* TASK DIRECTIONS *
Before you write out the listing, remove the pictures; everything else stays exactly as it is.

* GIVEN DATA *
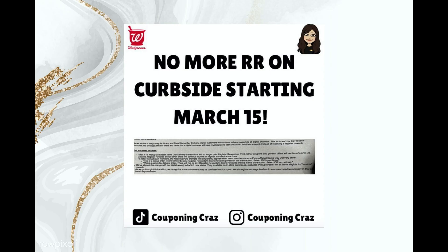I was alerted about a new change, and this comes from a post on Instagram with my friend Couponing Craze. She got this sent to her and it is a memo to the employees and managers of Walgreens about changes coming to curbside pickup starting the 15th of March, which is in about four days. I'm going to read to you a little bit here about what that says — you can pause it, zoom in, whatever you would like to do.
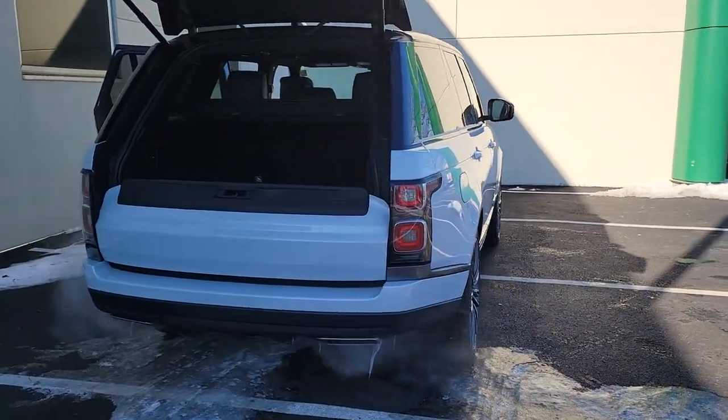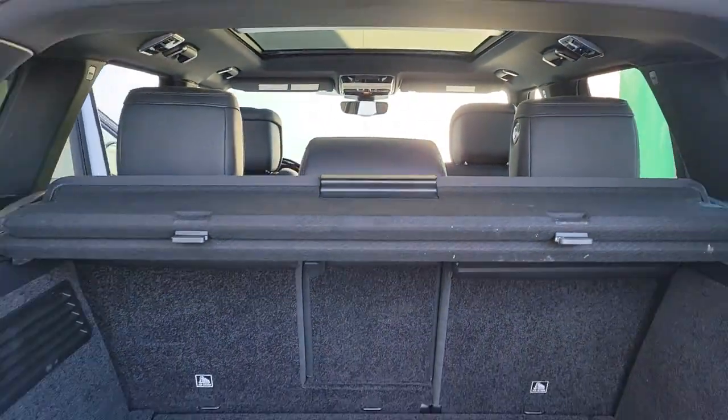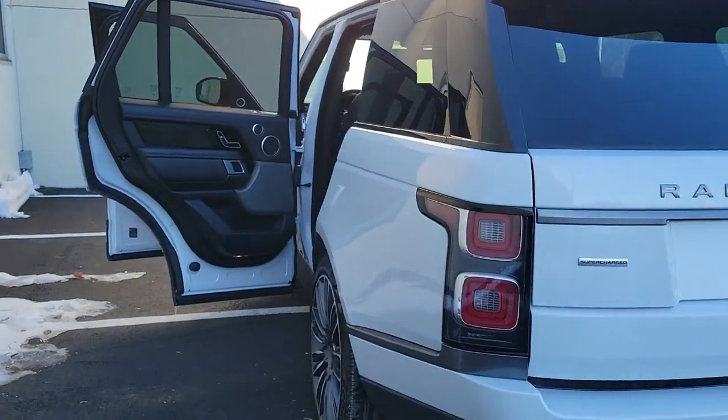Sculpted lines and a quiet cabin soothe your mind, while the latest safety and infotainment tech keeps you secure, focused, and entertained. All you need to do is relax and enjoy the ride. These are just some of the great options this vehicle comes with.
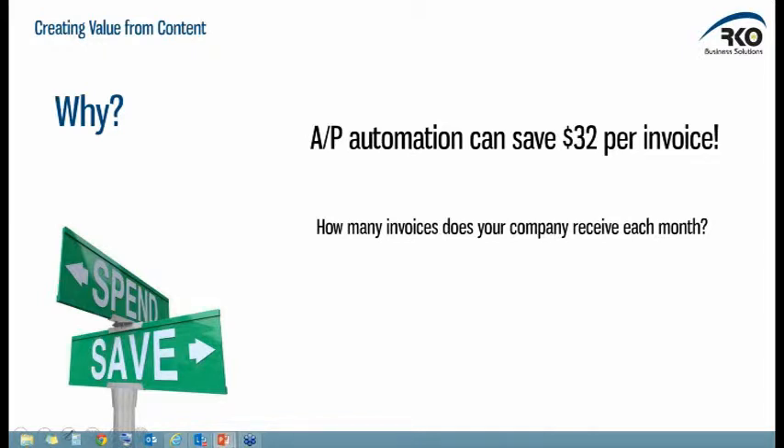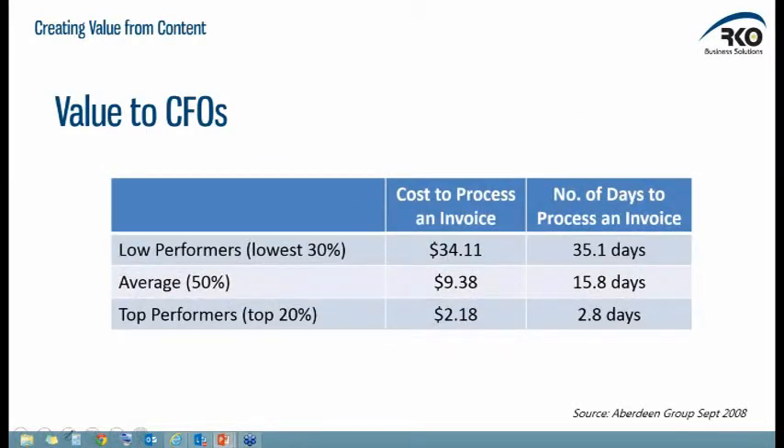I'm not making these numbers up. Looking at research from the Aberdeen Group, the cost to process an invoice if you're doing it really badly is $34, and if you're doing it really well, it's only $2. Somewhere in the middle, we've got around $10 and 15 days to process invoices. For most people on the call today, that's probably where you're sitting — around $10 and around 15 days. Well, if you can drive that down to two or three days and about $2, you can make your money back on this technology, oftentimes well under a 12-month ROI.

* SOLUTION BELOW *
I was alerted about a new change, and this comes from a post on Instagram with my friend Couponing Craze. She got this sent to her and it is a memo to the employees and managers of Walgreens about changes coming to curbside pickup starting the 15th of March, which is in about four days. I'm going to read to you a little bit here about what that says — you can pause it, zoom in, whatever you would like to do.
Sculpted lines and a quiet cabin soothe your mind, while the latest safety and infotainment tech keeps you secure, focused, and entertained. All you need to do is relax and enjoy the ride. These are just some of the great options this vehicle comes with.
I'm not making these numbers up. Looking at research from the Aberdeen Group, the cost to process an invoice if you're doing it really badly is $34, and if you're doing it really well, it's only $2. Somewhere in the middle, we've got around $10 and 15 days to process invoices. For most people on the call today, that's probably where you're sitting — around $10 and around 15 days. Well, if you can drive that down to two or three days and about $2, you can make your money back on this technology, oftentimes well under a 12-month ROI.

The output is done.